Para as autoras Machado e Cristovão (2006, p. 549), baseando-se em Bronckart (2005), um dos cinco princípios que fundamentam o Interacionismo Sociodiscursivo (ISD) seria o de que “a linguagem desempenharia um papel fundamental e indispensável no desenvolvimento [...] é ela que organiza, comenta e regula o agir e as interações humanas, no quadro das quais são re-produzidos ou re-elaborados os fatos sociais e os fatos psicológicos”. A importância da linguagem no quadro teórico-metodológico do ISD é consenso entre os autores estudiosos dessa teoria e, mais ainda, por aqueles que realizam pesquisas em sua vertente didática, como Schneuwly e Dolz (2004) e Rojo e Cordeiro (2004), por exemplo.

A realização efetiva de uma determinada ação de linguagem se dará por meio de textos, elementos esses que não são somente uma unidade linguística, mas comunicativa, em coerência com os aspectos que já discutimos anteriormente. Como unidade comunicativa, os textos se constituem a partir de características comuns, de recursos linguísticos próprios de uma determinada língua natural e, nesse sentido, pertencentes a determinado gênero (BRONCKART, 2010). Os gêneros de textos seriam então os produtos de diferentes configurações de escolhas linguísticas e sociais possíveis de serem feitas pelos sujeitos, escolhas essas que se encontram, naquele momento, estabilizadas pelo uso (BRONCKART, 2006).

Em perspectiva complementar, Marcuschi, ao refletir sobre a historicidade dos gêneros e reafirmar sua abrangência e objeto de estudo em diferentes áreas, menciona que os gêneros podem ser: “uma categoria cultural, um esquema cognitivo, uma forma de ação social, uma estrutura textual, uma forma de organização social, uma ação retórica” (MARCUSCHI, (2008, p. 149). Embora não possamos desconsiderar essas compreensões do que se constituem os gêneros, a noção que mais se aproxima de nossas pesquisas é a noção de gênero como forma de ação social, exatamente por compreendê-los como um agir quase sempre pessoal orientado para o social, influenciado por modelos pré-construídos socialmente, culturalmente e coletivamente, à disposição dos sujeitos que realizam escolhas discursivas, “determinadas”, precisamente, por fatores sociais, linguísticos e psicológicos.

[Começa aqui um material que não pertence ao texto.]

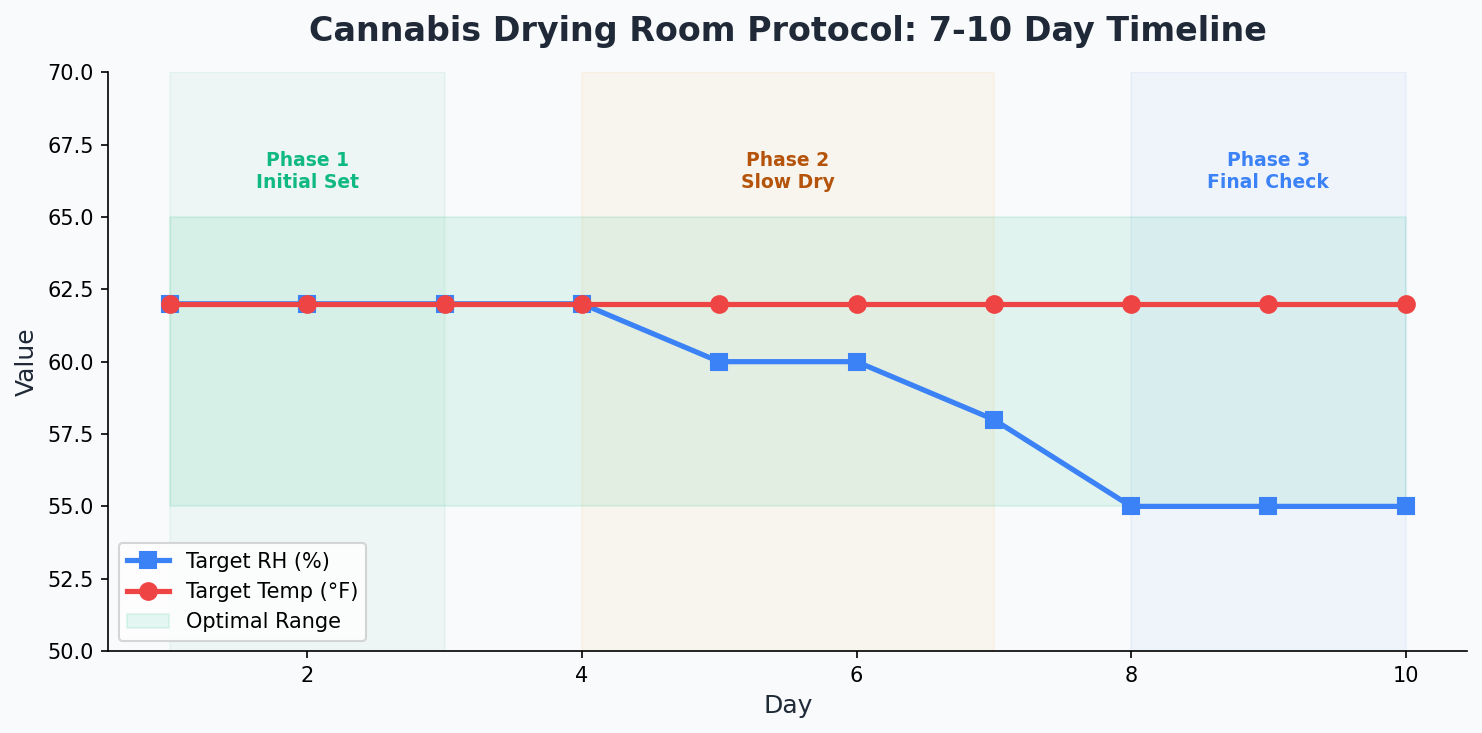 Cannabis drying protocol timeline showing temperature, humidity, and airflow targets across a 14-day dry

Ao assumir que os gêneros textuais são uma espécie de guia para os interlocutores e possibilitam inteligibilidade às ações retóricas, Marcuschi (2008, p. 159) acredita que os gêneros são entidades: “a) dinâmicas, b) históricas, c) sociais, d) situadas, e) comunicativas, f) orientadas para fins específicos, g) ligadas a determinadas comunidades discursivas, h) ligadas a domínios discursivos, i) recorrentes, j) estabilizadas em formatos mais ou menos claros”. Acreditamos que, realmente, todos os aspectos mencionados pelo linguista brasileiro caracterizam os gêneros de textos, conforme também os compreendemos.

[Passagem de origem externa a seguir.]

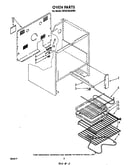 Oven (continued)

A forte ligação entre o Interacionismo Sociodiscursivo e a teoria sócio-histórica de Vygotsky nos leva a compreender o papel da ferramenta e do instrumento nas atividades humanas. Segundo Friedrich (2012), os instrumentos seriam psicológicos, voltados para as atividades psicológicas dos seres humanos e atuantes na resolução de suas tarefas, seriam a condição posterior das ferramentas do mundo exterior e disponíveis no mundo. Assim, conceber os gêneros como instrumentos significa que, uma vez que eles sejam apropriados pelo indivíduo, constituir-se-iam verdadeiros instrumentos para seu agir (MACHADO e CRISTOVÃO, 2006). Nas palavras das autoras:

[...] os gêneros de texto se constituem como artefatos simbólicos que se encontram à disposição dos sujeitos de uma determinada sociedade, mas que só poderão ser considerados como verdadeiras ferramentas/instrumentos para seu agir, quando esses sujeitos se apropriam deles, por si mesmos, considerando-os úteis para seu agir com a linguagem. Portanto, podemos pensar que, no ensino de gêneros, se os aprendizes não sentirem necessidade de um determinado gênero para seu agir verbal, haverá muito maior dificuldade para sua apropriação (MACHADO e CRISTOVÃO, 2006, p. 551).

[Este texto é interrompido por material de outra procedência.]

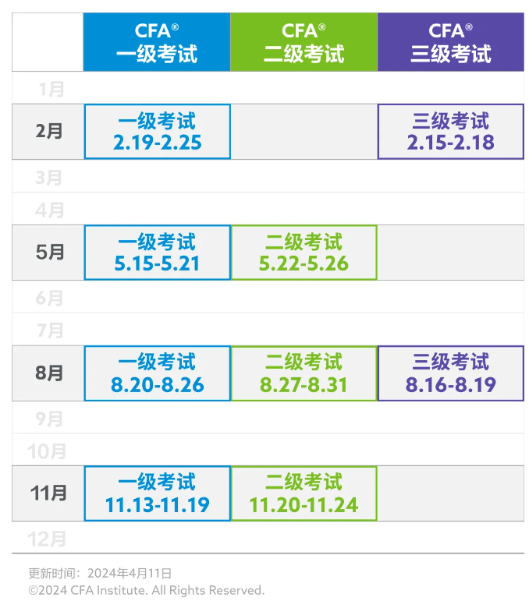 今日截止！11月早鳥報名結束！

Os gêneros, então, só serão mediadores de ações comunicativas quando apropriados pelos sujeitos (MACHADO e LOUSADA, 2010) como instrumentos próprios, internalizados. Com isso, perguntamos: como nos apropriamos dos gêneros? A resposta a esta pergunta é, ao mesmo tempo, simples e complexa. Simples no sentido de acreditarmos que tal apropriação se dá em contextos de inserção social e em práticas discursivas contextualizadas das quais participamos cotidianamente. Por outro lado, complexa no sentido de que nossas práticas sociais não dariam conta de nos oferecer oportunidades bastante diferenciadas e diversificadas para vivenciarmos a experiência de interlocutores convocados a agir pela linguagem. Diante disso, é que defendemos a escola como espaço de trabalho com a diversidade dos gêneros de texto, com ênfase para as práticas de leitura, escrita e oralidade vivenciadas nas aulas da disciplina de Língua Portuguesa.

O trabalho com os gêneros textuais na escola deveria, como sugere Bronckart (2010) ao retomar Volochinov/Bakhtin, adotar uma perspectiva descendente, qual seja: partir de análises dos tipos de interações sociais contextualizadas para, em seguida, a análise dos gêneros produzidos nessas interações e, só então, a análise das unidades e estruturas linguísticas constitutivas dos gêneros. Essa abordagem metodológica coaduna-se com as orientações dos Parâmetros Curriculares Nacionais de Língua Portuguesa (BRASIL, 1997; 1998), uma vez que sugerem privilegiar as práticas de uso da língua no ensino da disciplina para então partir para as atividades de análise linguística, voltando, num movimento cíclico, aos usos. Esse movimento metodológico permite realizarmos análises que partem das atividades sociais, para depois focalizarmos as atividades de linguagem, os textos, e, finalmente, seus componentes linguísticos.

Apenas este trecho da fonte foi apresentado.